Tuesday, December 1

How Competition and Cooperation benefits Linux

First I must explain what a scheduler is and outline some history. To avoid writing hundreds of pages and getting into too much technical detail, I have simplified things a somewhat and not included a lot of scheduler variants that have also played a part.




In short, if you have two applications running, like a word processor and a music player, you don't want your music to stop playing while you are cutting and pasting a paragraph in your word processor - you need a scheduler! The reason that your music keeps playing is due to the actions of a scheduler that allocates how much precious processor time each application has, possibly interleaving the processing of the two a thousand times a second.

In actual fact there are many tasks that need to be scheduled that most people are totally unaware of, and even highly technical people are glad they don't have to worry about them (normally!). Note that even a single application may be running several tasks that the scheduler has to manage. Now even if you are only running one application that has only a single task, there are other tasks that also need to be scheduled (like updating the clock display), plus system tasks you'll most likely never be aware of.

If you have a processor with multiple cores (as in most new computers bought recently), you still need a scheduler - as it also is responsible for sharing the work between the different cores.

When you are runing a modern operating system like Linux, the kernel (the heart of an operating system) must allocate processor time between different tasks. In the old days, there was a simple scheduler that worked moderately well for single core processors, but did not perform very well when you had 2 or more cores. Performance for 2 cores was not too bad, but it rapidly got worse for 4 or more cores. For ordinary desk top users, this was not really a problem, but for power users and heavy duty servers - there was an increasing mismatch with the performance people expected from multi-core systems and what was actually delivered.

So a bunch of people got together to develop a better scheduler, one that tended to deliver performance proportional to the number of processor cores available - provided, of course, that there were enough tasks that could be allocated between the cores. This was called the O(1) scheduler, as the elapsed time taken to schedule was independent of the number of processor cores. This had a few problems, such as some tasks were unfairly treated, which meant they tended to be starved of the processor time they needed.

So a new scheduler was developed, the CFS or Completely Fair Scheduler. A very gifted developer (Con Kolivas) designed and implemented his own scheduler that was far better in some ways, unfortunately he was very sick, communications between him and the developer of the CFS broke down. Key improvements were made to the CFS as a direct result of Con's work and he was given due recognition - unfortunately bad feelings developed. Developers are human, have emotions, and have bad days - like everyone else.

Just recently, Con developed a much simpler and much faster, for types of workloads on personal computers, refered to as the BFS. A developer of the software used to decode things like MP3 files so you can play music (for the technically inclined it is the multi media codec H.264) found Con's new scheduler did a lot better than the CFS.

So the H.264 developer contacted the CFS developers and they took on board the problem and modified the CFS to be much faster.
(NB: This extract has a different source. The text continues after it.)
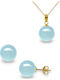 Margaritari Set with Earrings & Pendant from Gold 14K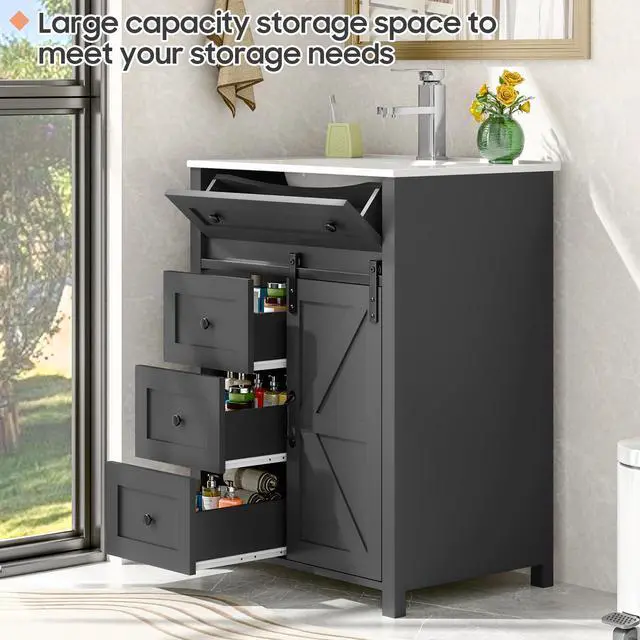 Alt view image 4 of 6 - 24 Inch Bathroom Vanity with 4 Drawers and Sliding Door, Freestanding Bathroom Storage Cabinet with Sink Combo, Vintage Vanity Cabinet with Ceramic Sink, Faucet, Drain, Grey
If you go to this blog entry, you will see how Competition and Cooperation can significantly improve the Linux kernel (it also shows that not all is perfect in the land of Linux). One of the keys is raising useful bug reports rather than just simply complaining. Remember, even non technical users can raise bug reports. The importance of raising concerns with developers is highlighted here (a test case is a simple way to reproduce the problem):
[...]
So I tentatively submitted a test case to the Linux kernel mailing list. I didn’t know what to expect; maybe more flames carrying over from the BFS debate? Instead, I got “Thanks a bunch for the nice repeatable testcase!” This is one of the few times I’ve seen this outside of what I attempt to do with x264: a developer happy to see someone report a bug with his code and apparently eager to jump to fixing it. Though it certainly sounded good so far, but would anything result from this?

Answer: yes: up to a 70% increase in performance, committed the next day. But the kernel devs weren’t done yet: a quick grep of Linux kernel mails over the next weeks showed x264 popping up in quite a few scheduler benchmarks: they had added it as a regular test case. And just recently we got another 10% performance.